WHAT THE TASK REQUIRES:
Each line of the data is to be output verbatim, with the images removed.

Crawled caption data:
▬▬▬▬▬▬▬▬▬▬
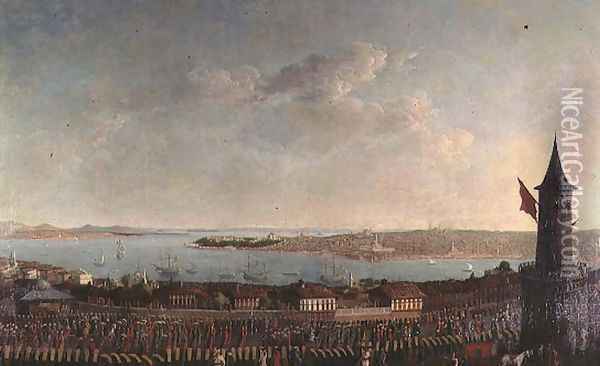 View of Constantinople with a procession of janissaries passing the Galata Tower Oil Painting - Jean Baptiste Vanmour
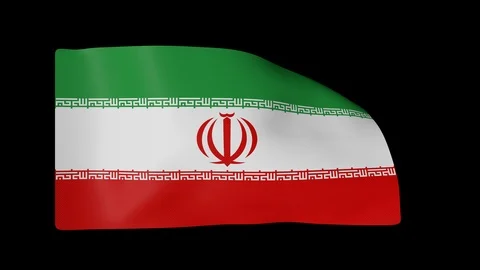 Iran Flag with Alpha Channel Video stock 87503297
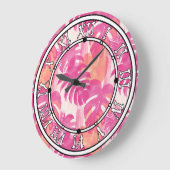 シンプル抽象芸術パター葉ンのモンステラ, f ラージ壁時計 (傾斜)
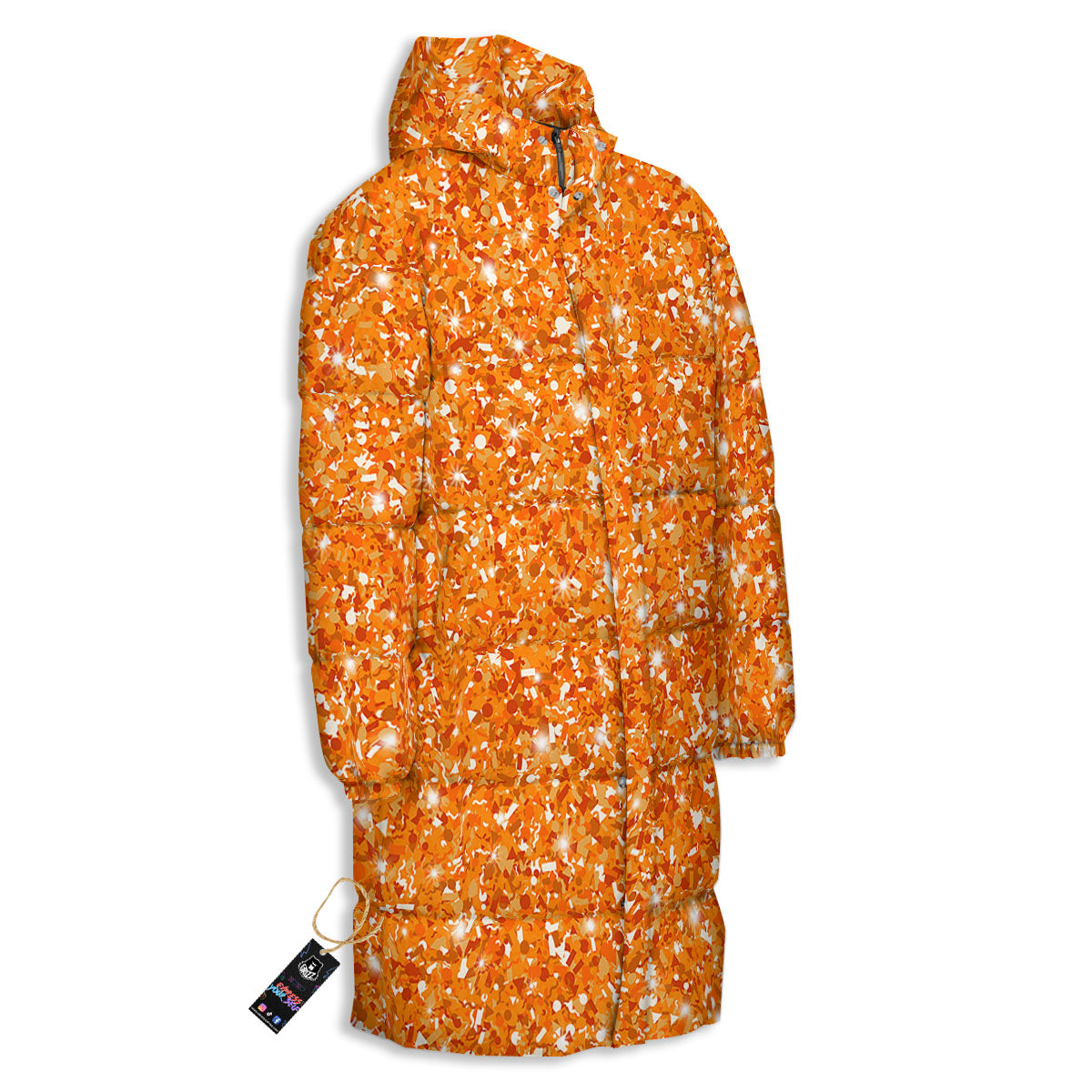 Glitter Artwork Orange Print Long Down Jacket-grizzshop
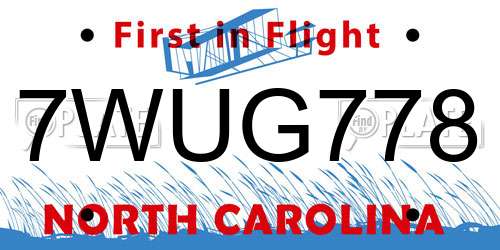 7WUG778 North Carolina License Plate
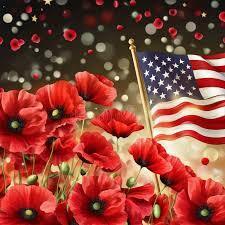Image of American Flag with poppy flowers.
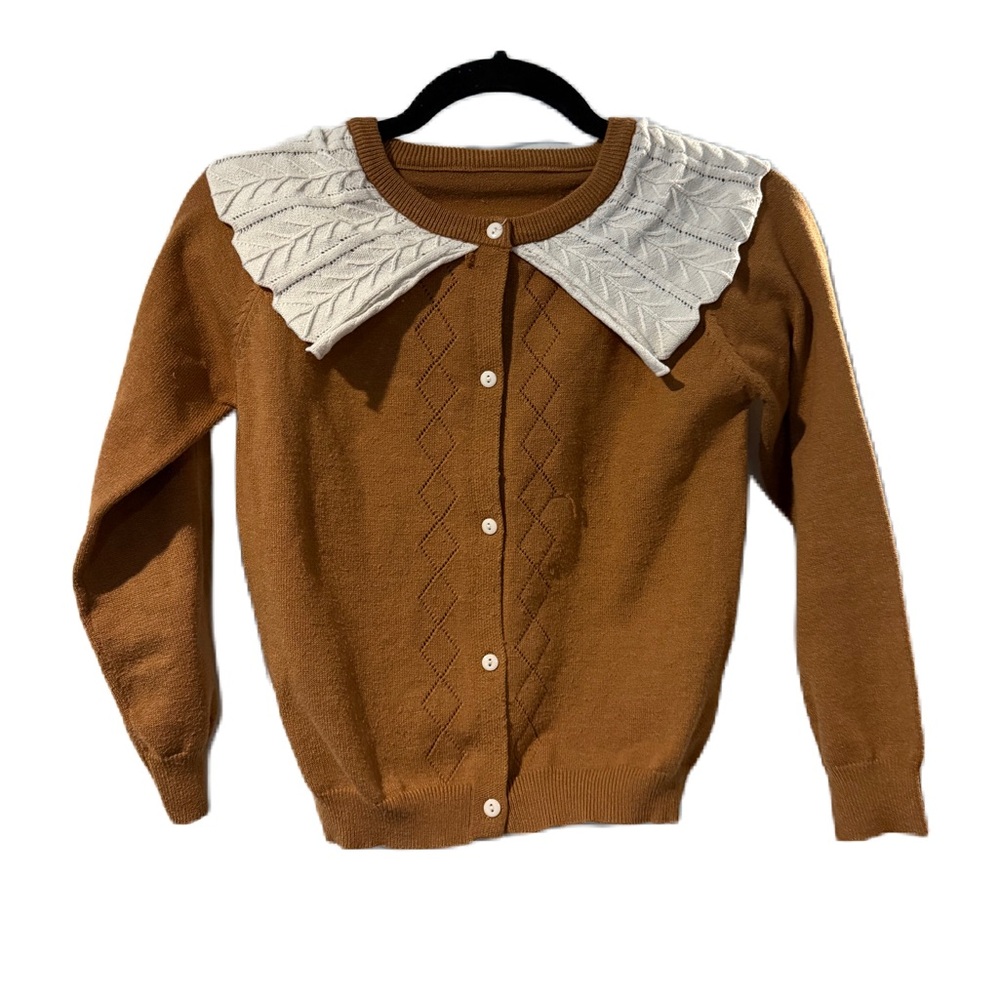 Brown Sweater with White Collar - Picture 1 of 5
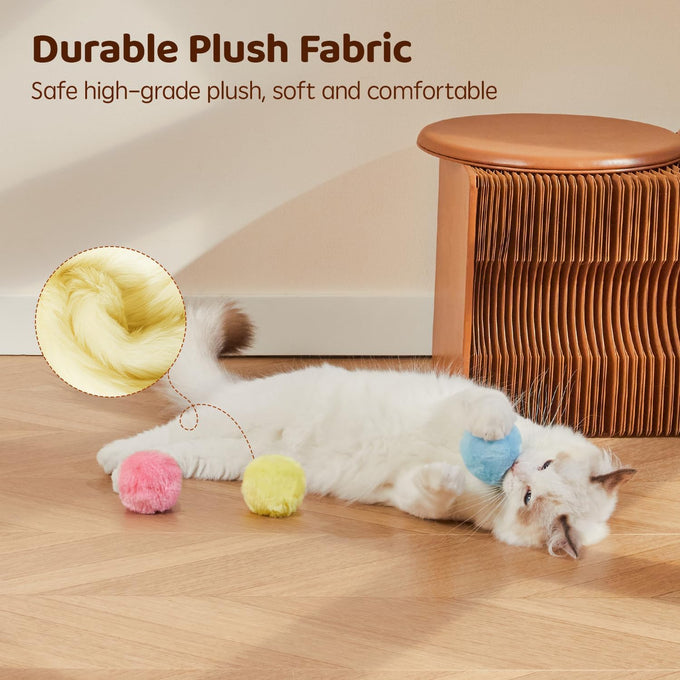 Potaroma 3-Pack Fluffy SilverVine Catnip Interactive Cat Kicker Balls with 3 Lifelike Animal Sounds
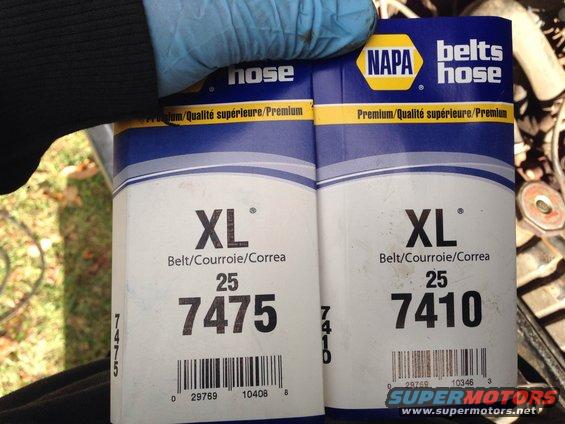 Two NAPA XL belt boxes, one labeled 7475 and the other 7410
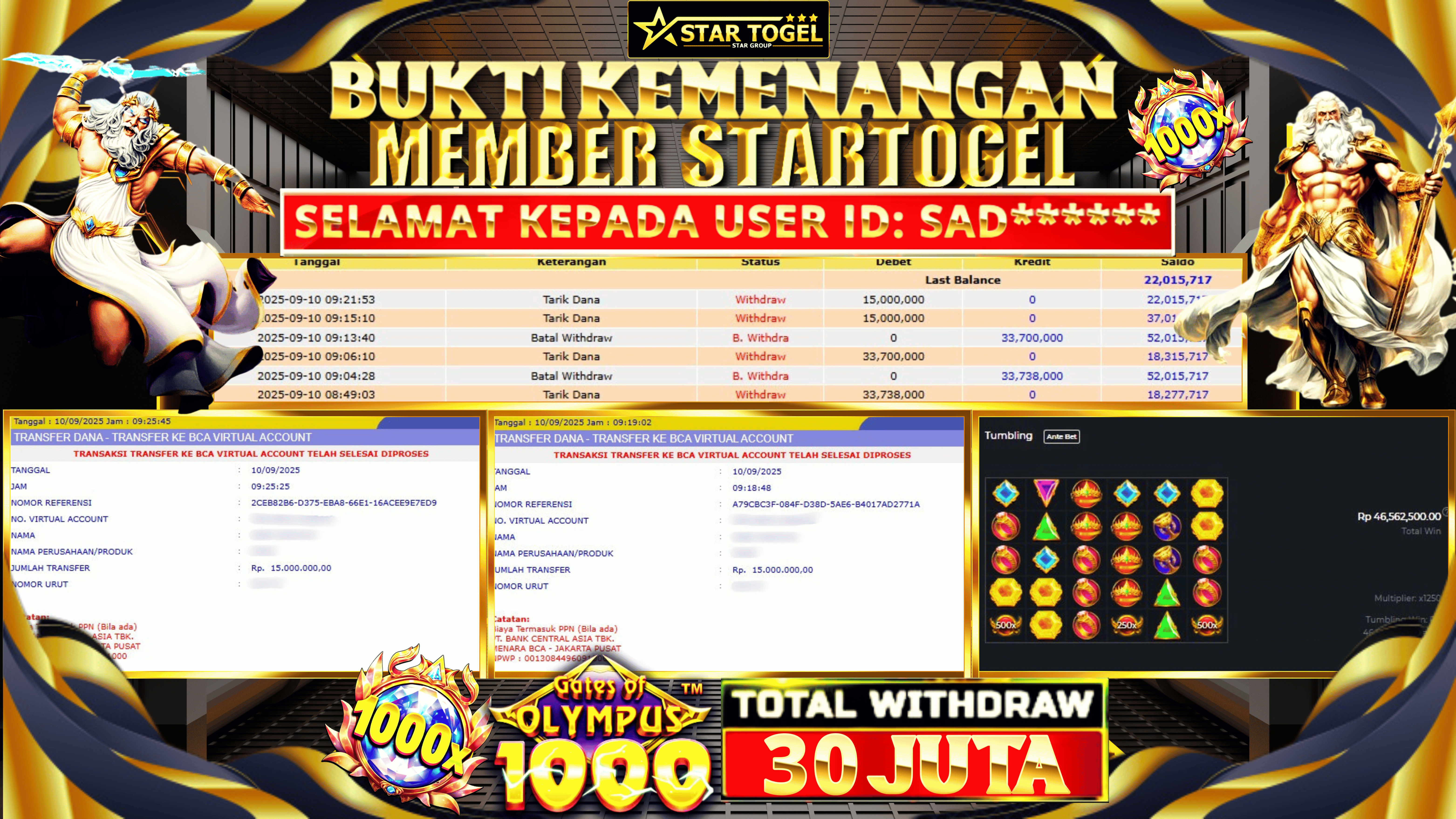 JACKPOT SLOT GATES OF OLYMPUS 1000 HINGGA 30 JUTA,  10 SEPTEMBER 2025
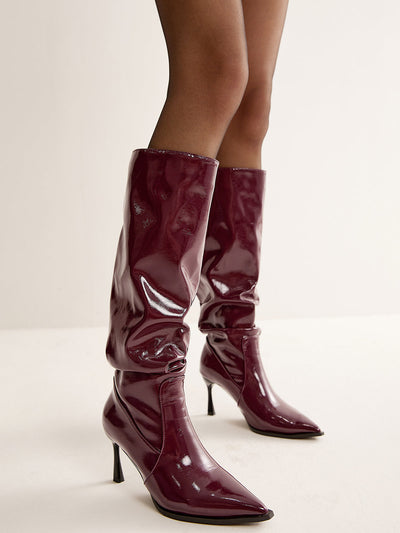 Pointed Toe Pleated Knee-High Boots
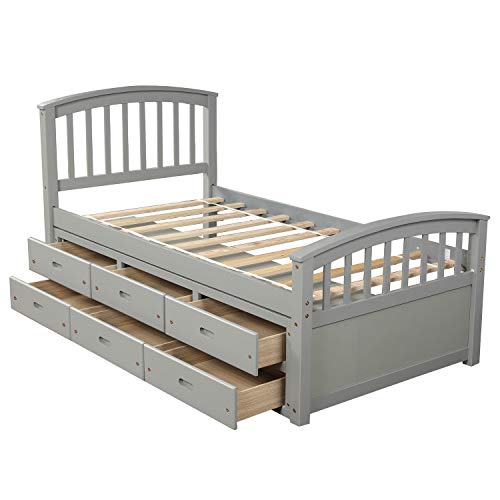 Merax Solid Wood Storage Bed Frame with 6 Drawers, Wooden Slat Support, No Box Spring Needed Grey
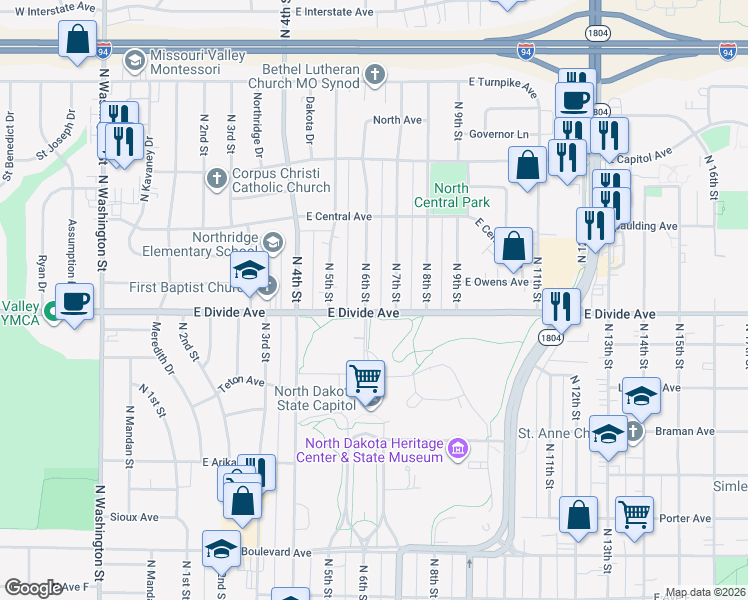 map of restaurants, bars, coffee shops, grocery stores, and more near 1708 North 7th Street in Bismarck
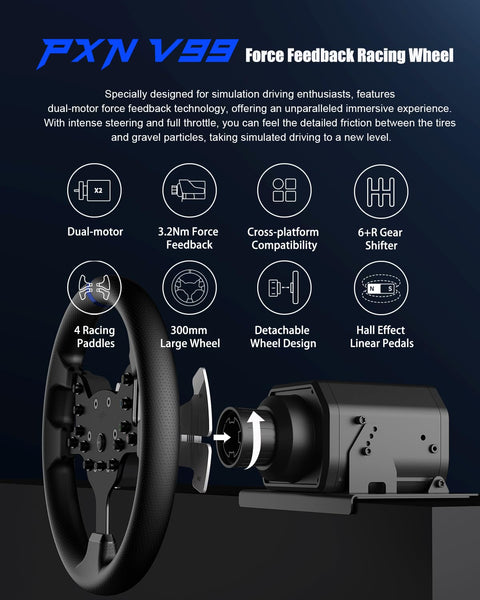 PXN V99 Gaming Steering Wheel, Driving Force Feedback Steering Wheel with Pedals and Shifter - 3.2NM, 270°&900°, 11.8 inch, 4 Paddle Shifters, Tools APP - Racing Steering Wheel for PC, Xbox and PS4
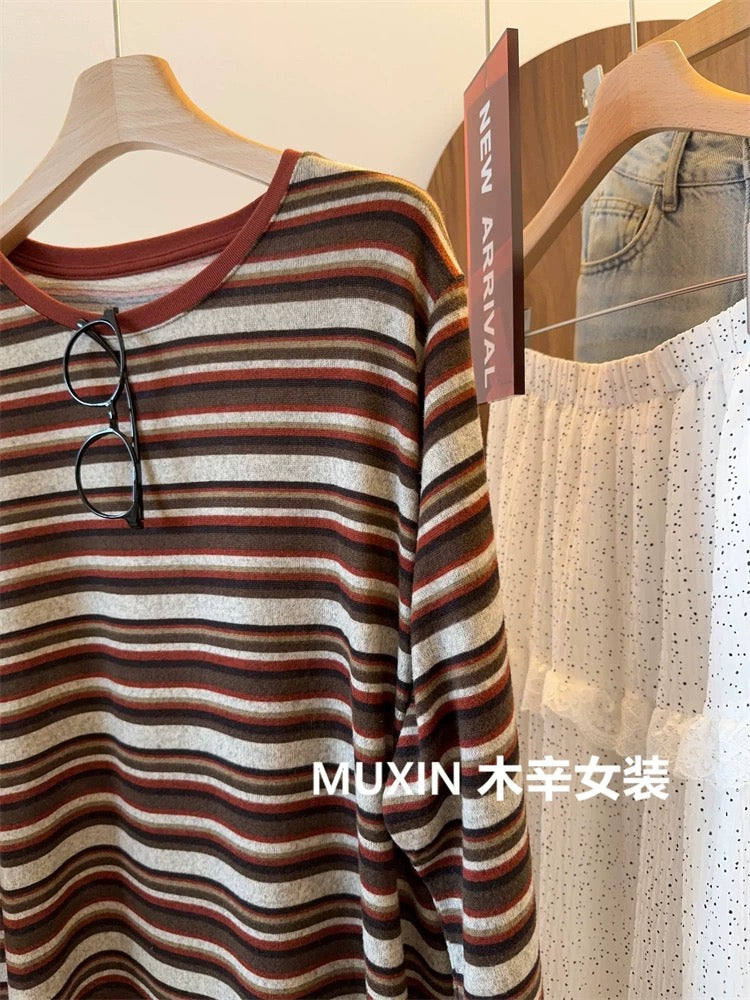 Colorful retro striped sanded soft autumn and winter casual loose simple women's long-sleeved inner T-shirt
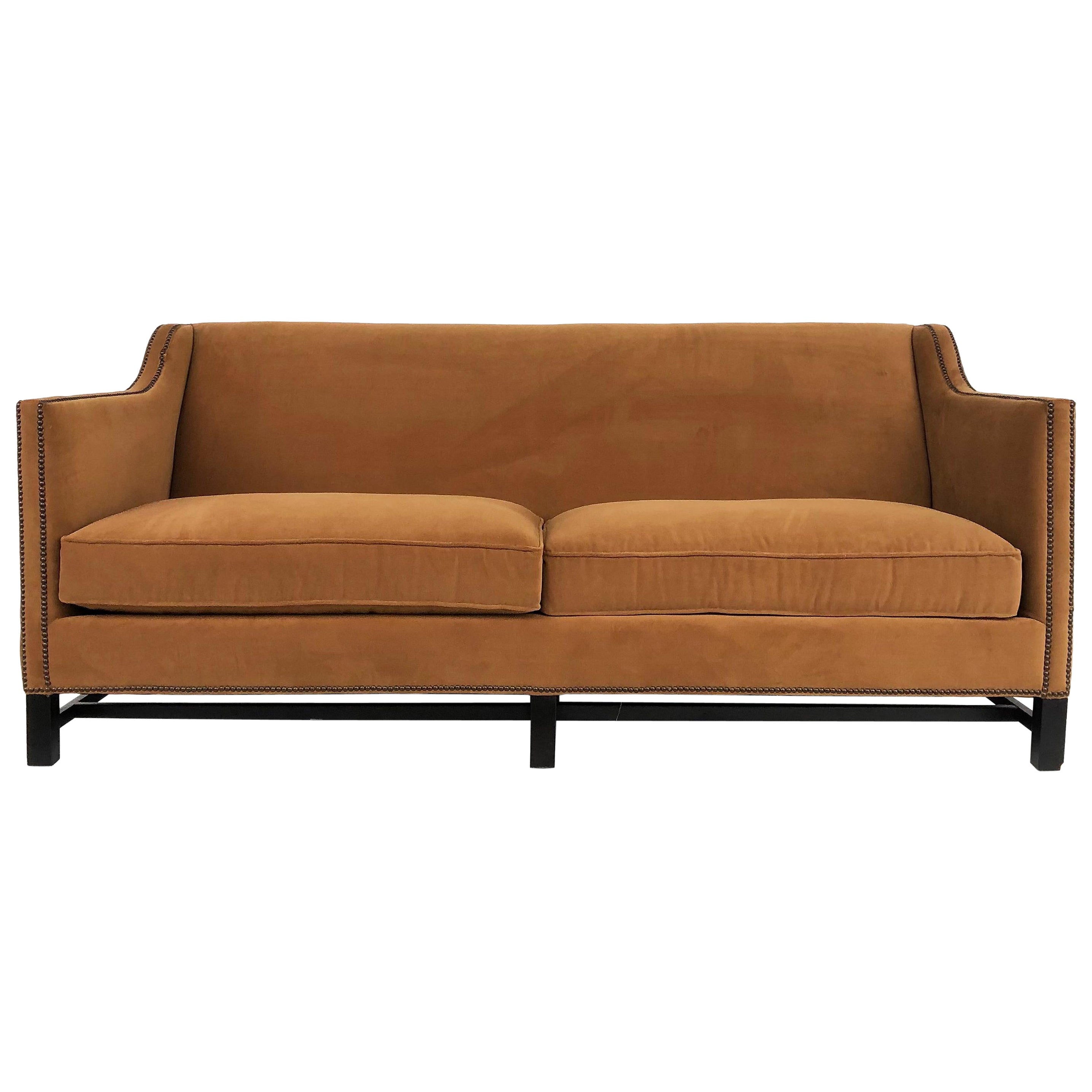 Bernhardt Furniture Mohair Sofa with Bronze Nailheads and Poly/Down Cushions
▬▬▬▬▬▬▬▬▬▬
ANSWER SPACE:
 View of Constantinople with a procession of janissaries passing the Galata Tower Oil Painting - Jean Baptiste Vanmour
 Iran Flag with Alpha Channel Video stock 87503297
 シンプル抽象芸術パター葉ンのモンステラ, f ラージ壁時計 (傾斜)
 Glitter Artwork Orange Print Long Down Jacket-grizzshop
 7WUG778 North Carolina License Plate
Image of American Flag with poppy flowers.
 Brown Sweater with White Collar - Picture 1 of 5
 Potaroma 3-Pack Fluffy SilverVine Catnip Interactive Cat Kicker Balls with 3 Lifelike Animal Sounds
 Two NAPA XL belt boxes, one labeled 7475 and the other 7410
 JACKPOT SLOT GATES OF OLYMPUS 1000 HINGGA 30 JUTA,  10 SEPTEMBER 2025
 Pointed Toe Pleated Knee-High Boots
 Merax Solid Wood Storage Bed Frame with 6 Drawers, Wooden Slat Support, No Box Spring Needed Grey
 map of restaurants, bars, coffee shops, grocery stores, and more near 1708 North 7th Street in Bismarck
 PXN V99 Gaming Steering Wheel, Driving Force Feedback Steering Wheel with Pedals and Shifter - 3.2NM, 270°&900°, 11.8 inch, 4 Paddle Shifters, Tools APP - Racing Steering Wheel for PC, Xbox and PS4
 Colorful retro striped sanded soft autumn and winter casual loose simple women's long-sleeved inner T-shirt
 Bernhardt Furniture Mohair Sofa with Bronze Nailheads and Poly/Down Cushions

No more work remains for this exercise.